> _Records from a data source_:
====

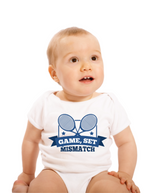 A little baby wearing a white baby grow with the funny tennis slogan on the front that reads 'Game, Set, Mismatch'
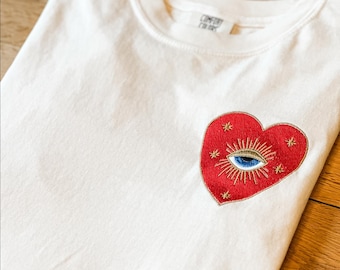 May include: A white short-sleeved t-shirt featuring an embroidered red heart patch on the left chest. The heart contains a central blue eye design surrounded by gold-colored radiating lines and small star accents. The shirt has a crew neckline.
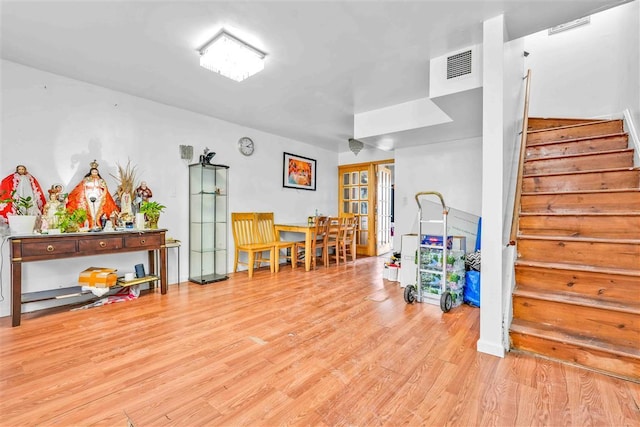 game room featuring french doors and light hardwood / wood-style floors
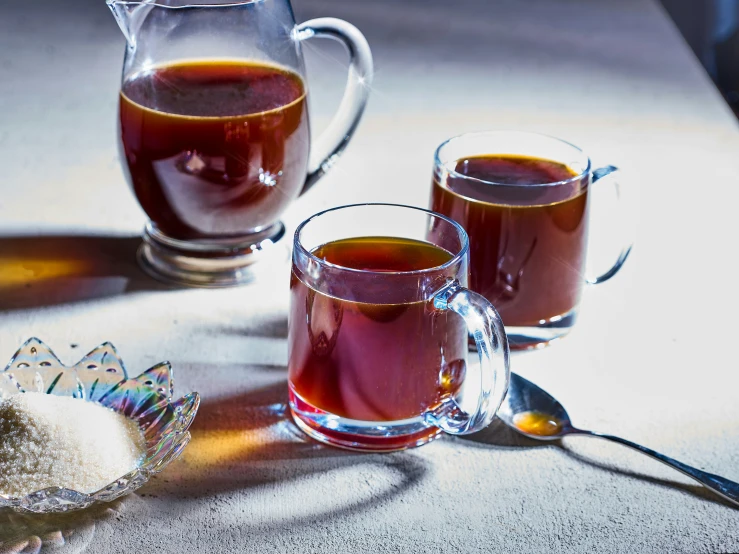 three glasses filled with liquid are next to a bowl and spoon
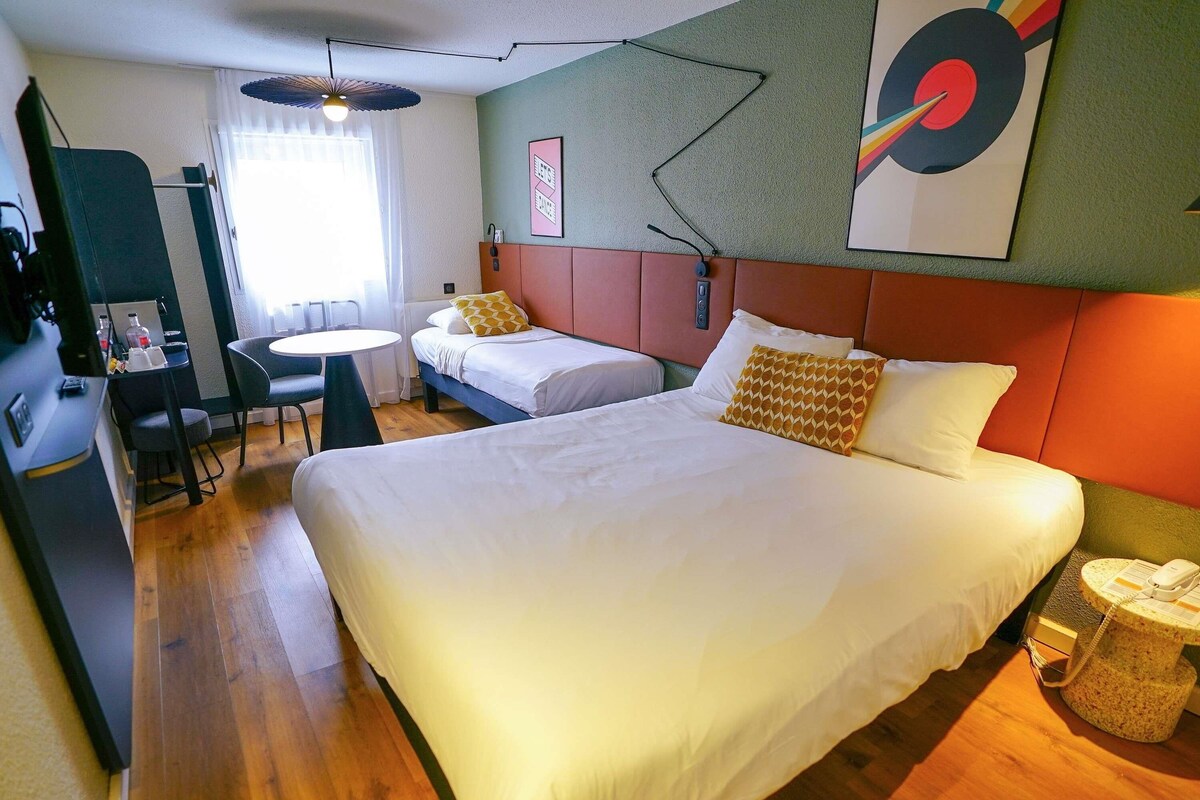 Premium bedding, desk, laptop workspace, blackout curtains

====

> _WHAT THE TASK REQUIRES_: Drop the pictures and copy the data exactly.

> _WRITTEN REPLY_:
 A little baby wearing a white baby grow with the funny tennis slogan on the front that reads 'Game, Set, Mismatch'
 May include: A white short-sleeved t-shirt featuring an embroidered red heart patch on the left chest. The heart contains a central blue eye design surrounded by gold-colored radiating lines and small star accents. The shirt has a crew neckline.
 game room featuring french doors and light hardwood / wood-style floors
 three glasses filled with liquid are next to a bowl and spoon
 Premium bedding, desk, laptop workspace, blackout curtains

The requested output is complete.